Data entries
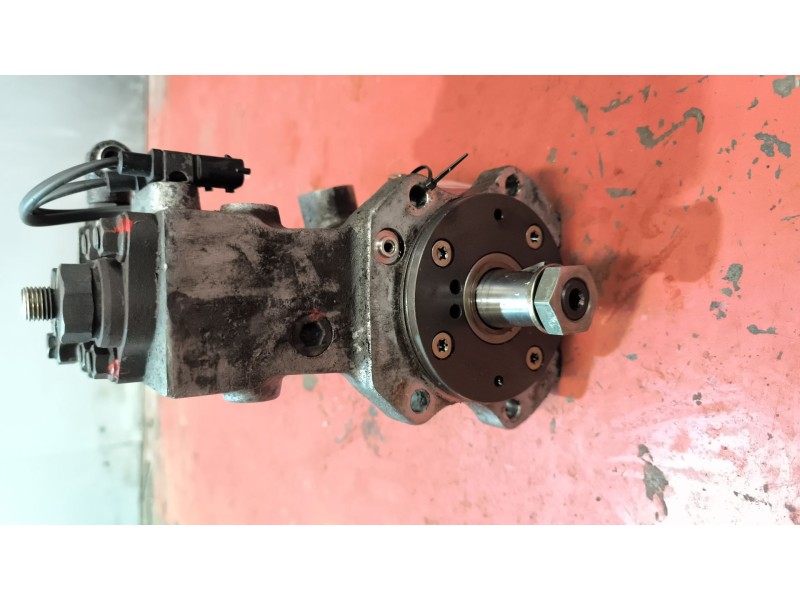 Recambio de bomba inyeccion para renault midlum 6.2 diesel referencia OEM IAM 5010553948 0445020036 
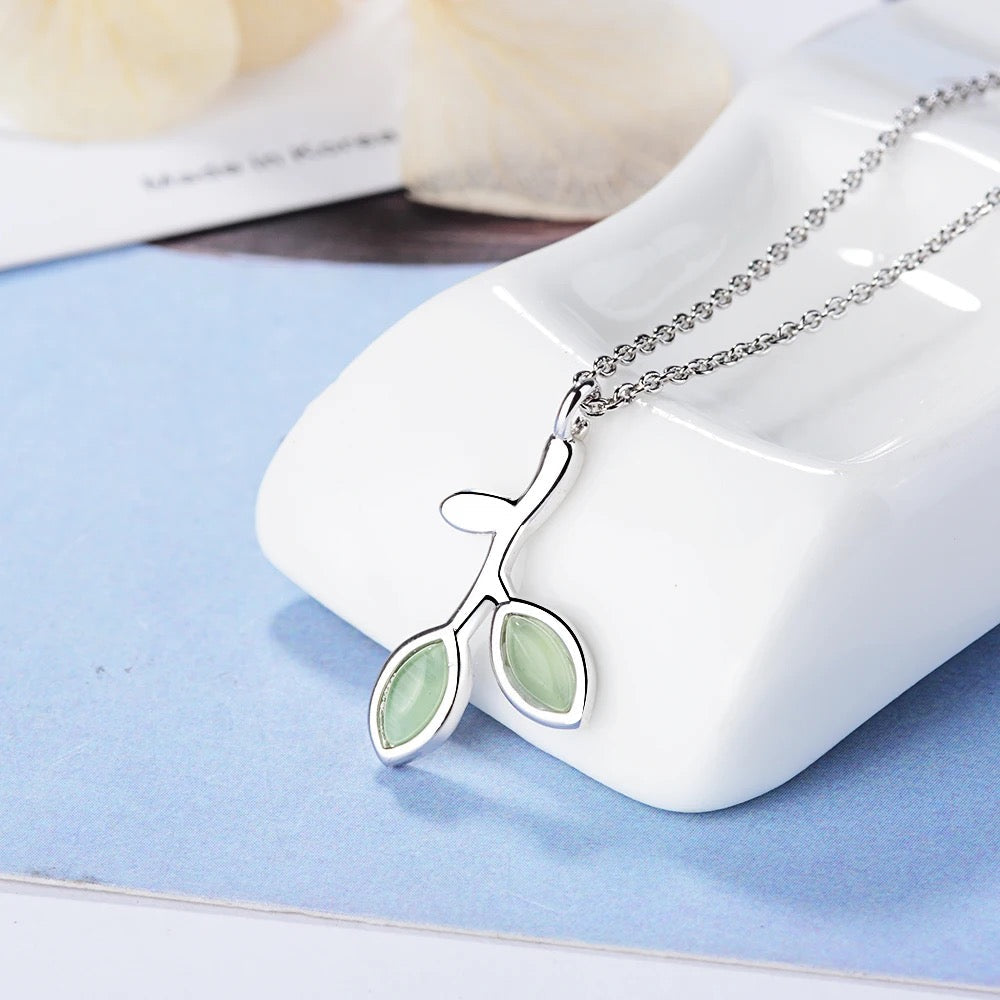 Carryallco 925 Sterling Silver Green Leaves Necklace CARRYALLCO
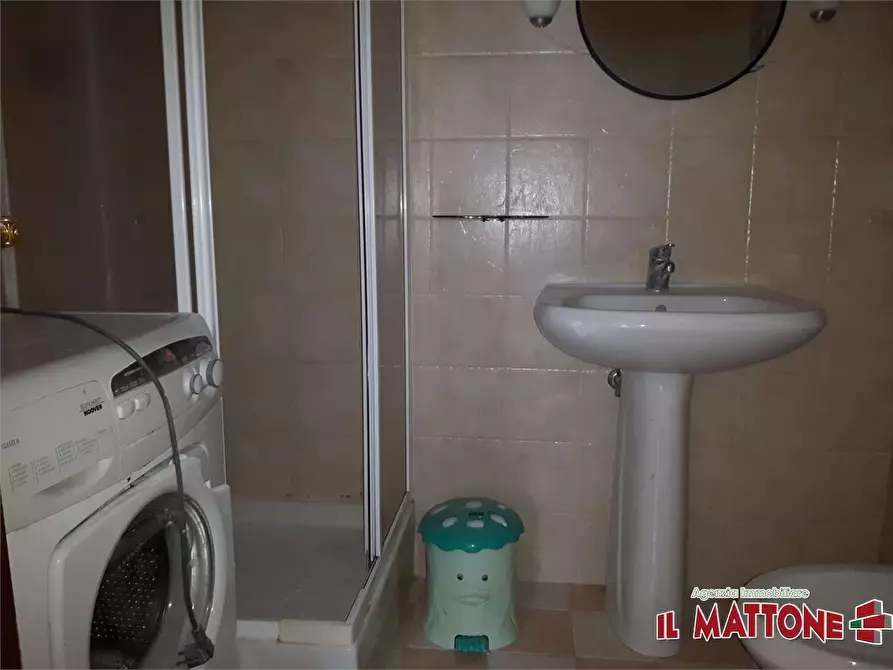 Immagine 9 di Monolocale in vendita  in Via Vittorio Veneto a Mignanego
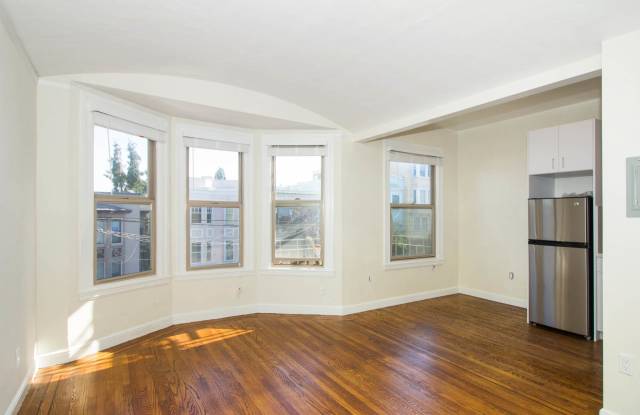 140 DUBOCE photos photos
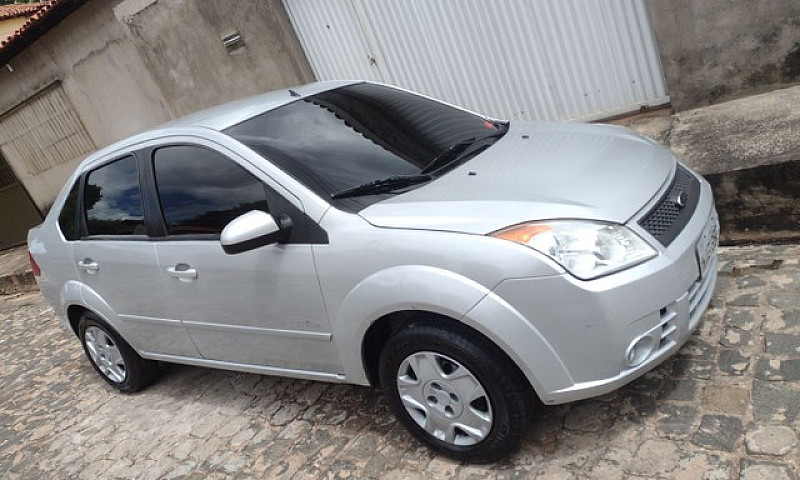 Vende-Se Um Ford Fie...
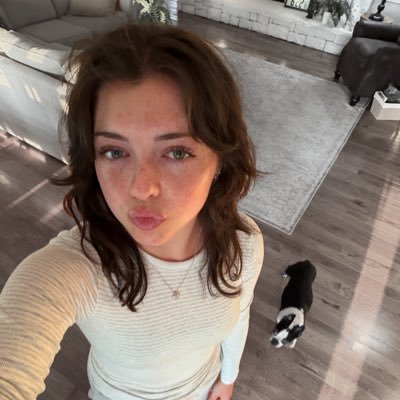 brookexvg 🍓's profile picture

**Directions**
The entries above are to be returned exactly, without their pictures.

**Expected answer**
 Recambio de bomba inyeccion para renault midlum 6.2 diesel referencia OEM IAM 5010553948 0445020036 
 Carryallco 925 Sterling Silver Green Leaves Necklace CARRYALLCO
 Immagine 9 di Monolocale in vendita  in Via Vittorio Veneto a Mignanego
 140 DUBOCE photos photos
 Vende-Se Um Ford Fie...
 brookexvg 🍓's profile picture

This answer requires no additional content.